On yıllardan beridir bu milletin, anasından emdiği sütü burnundan getiren statükonun sorgulanma sürecini başlatmıştır mesela…
Bugün, gerçek yüzünü görme şansını bulduğumuz derin devlet, o günlerdeki pervasızca tecessümünden ötürü çırılçıplak yakalanmıştır.
Darbelerle hesaplaşma bilincinin tohumları atılmıştır diğer bir ifadeyle.
Bununla birlikte ‘İslâmî” olduğu iddiasındaki çok kimsenin maskesini düşürmüş, bu söylemin, kendi sahih mecrasına akmasının imkânını sağlamıştır.
İslâmîliğin, bir kemiyet (yani nicelik) meselesi değil tastamam keyfiyetle (yani nitelik) anlamını bulacağı hakikatinin görülmesini sağlamıştır en azından.
FETÖ bu hadiseler sürecinde gerçek yüzünü göstermiştir mesela…
Ama bütün bunlar, 28 Şubat aktörleriyle hesaplaşmak zaruretini ortadan kaldırmaz, kaldırmamalı!
Bahsini ettiğimiz “hayırdan” en üst düzeyde faydalanabilmek için bu şarttır.
Üstelik hesaplaşma, sadece zulmedenlerle değil, anılan süreçte arkasına bakmadan ortadan kaybolanlarla da olmalıdır.
Birileri, halkın sırtından edindikleri maddi güçleri yine halka zulmetmede kullanmaktan ötürü hesap verirken, diğer birileri de, hamasi sloganlarla koskoca bir davayı sürükleme iddiası taşımaktan ötürü hesap vermeli…
Bir daha hiç kimsenin kutsi değerler üzerinden nemalanmaması için bu hesaplaşma mutlaka gerçekleştirilmelidir.
Dün 28 Şubat’tı…
Aradan geçen 27 yıldan sonra geriye dönüp baktığımızda mahzun olacağımız bir sürü şey var.
Kim bilir kaç nesli kaybettik bu hengâmede.

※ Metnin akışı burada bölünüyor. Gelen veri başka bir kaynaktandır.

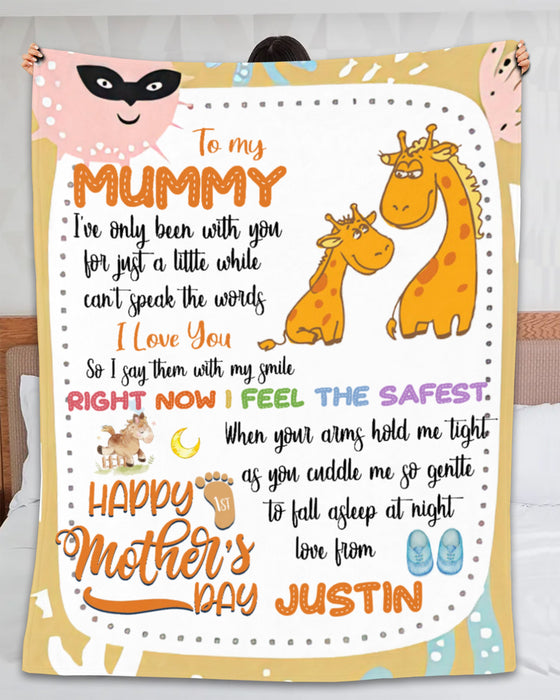 Personalized To My Mummy Blanket From Newborn Son Daughter Happy First Mother'S Day Giraffe Printed Custom Name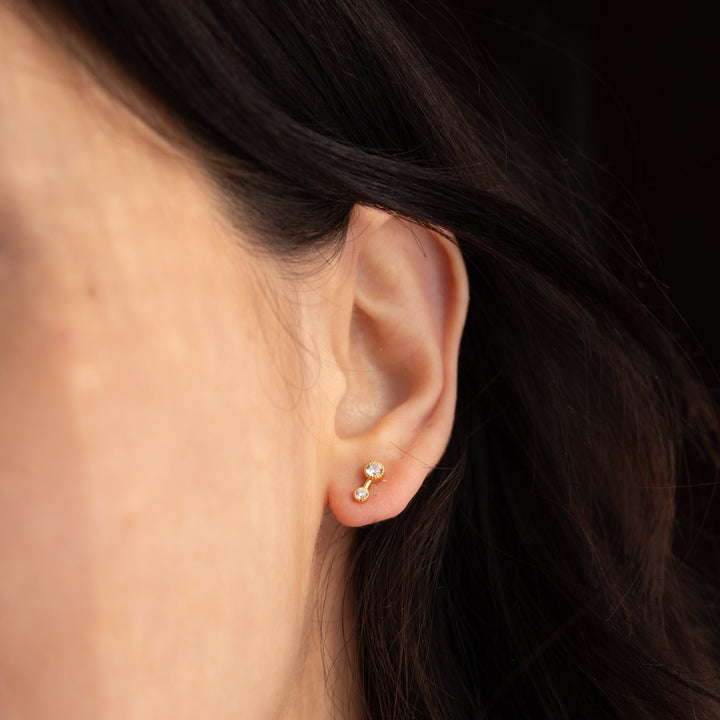 Double CZ Drop Studs - Earrings - - - Azil Boutique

Canımızdan aziz bildiğimiz değerler horlanıp alçakça tahkir edilirken, aziz olanın meğerse sadece canımız olduğu gerçeğiyle yüzleştik bu yüzden…
Ama bir ümidimiz var bugün yine bu tarih münasebetiyle.
Evet, yeniden yeşerecek bir ümidimiz, bu ümidin yeşermesine vesile olan bir lider var en azından.
Zalimlere “dur” demesini bilen, onları ait olduğu çöplüğe iade eden bir lider…
Yukarıda dedik, 28 Şubat hesaplaşması muhakkak tamamlanmalı diye.
Doğru, üniformalı zalimlerle beraber siyasetçiler de (kısmen de olsa) hesaba çekildi.
Peki, ya elindeki kalemi misket bombası gibi kullanan aşağılık güruha ne demeli?
Onlar nerede sahi?
Buraya bir sürü aşağılık mahlûk ismi tadat edebilirim.
Midenizin kaldırmayacağını varsayıp içtinap ediyorum bundan ama asla bunları unutmamamız gerektiğinin de altını çiziyorum.